Single motherhood is hard.

You can kind of tell this from the fact that single mothers rarely have large families anymore. Single motherhood means decades of poverty and life-long struggle. If single motherhood was easy, fun and lucrative, the US TFR would be WAY higher than 1.84.
 
Try rereading my post in the context of the post that I responded to.
Since when do phrases such as “completely frivolous” and “attempt to criminalize” need a context? Who made the completely frivolous complaints you are referring to, what is the sexual behavior you believe is normal that someone is trying to criminalize? If they’re complaining with the intention to change prevailing standards but not asking that any law be written or any charges be filed, in what sense are they “criminalizing” anything?

Perhaps you mean the woman who said she got the feeling someone was undressing her with his eyes. Do you really not know what that means? If you don’t think that the way someone chooses to look someone up and down can constitute harrassment, I think you either haven’t been paying attention or haven’t tried to work with someone who makes gestures like that. The poster’s example of having a superior who habitually got physically closer to him than what someone would normally get in a professional setting is an example. People just trying to do their jobs shouldn’t have to put up with that.

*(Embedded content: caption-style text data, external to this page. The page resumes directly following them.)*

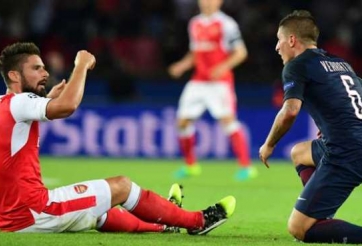 VIDEO: Giroud nhận thẻ đỏ oan trước PSG?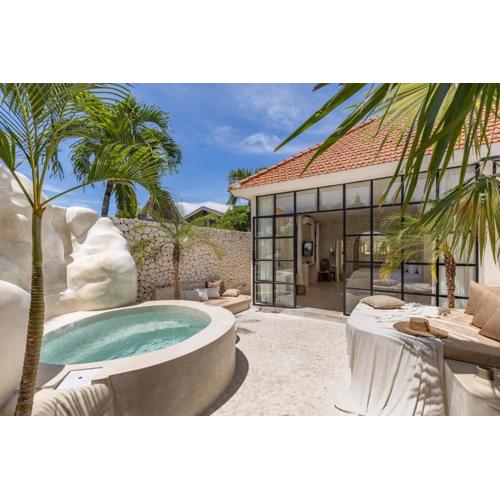 Luxe & Unique honeymoon Bocami Suites- 1 by OriVista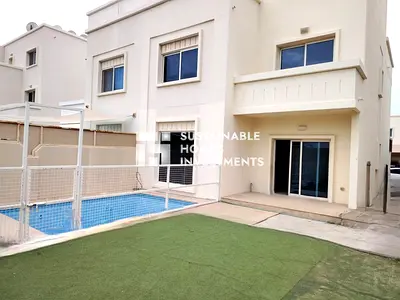 Vacant | Modified Kitchen | Single Row | Pool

Again, when we talk about what we’d dare to do to our bosses or an important client, somehow this all becomes clear and easy. It is only when talking about someone deemed to be in a position that they can’t complain about how we choose to act when the concept all of a sudden becomes difficult for people to grasp.

I’m not buying it. People are very clear about how to respect boundaries when it is in their own interest to do so. I don’t buy it that they’re all of a sudden blind when they’re looking out for the interests of someone who can’t do much if the treatment they’re getting makes it very clear that they aren’t particularly worthy of respect or concern.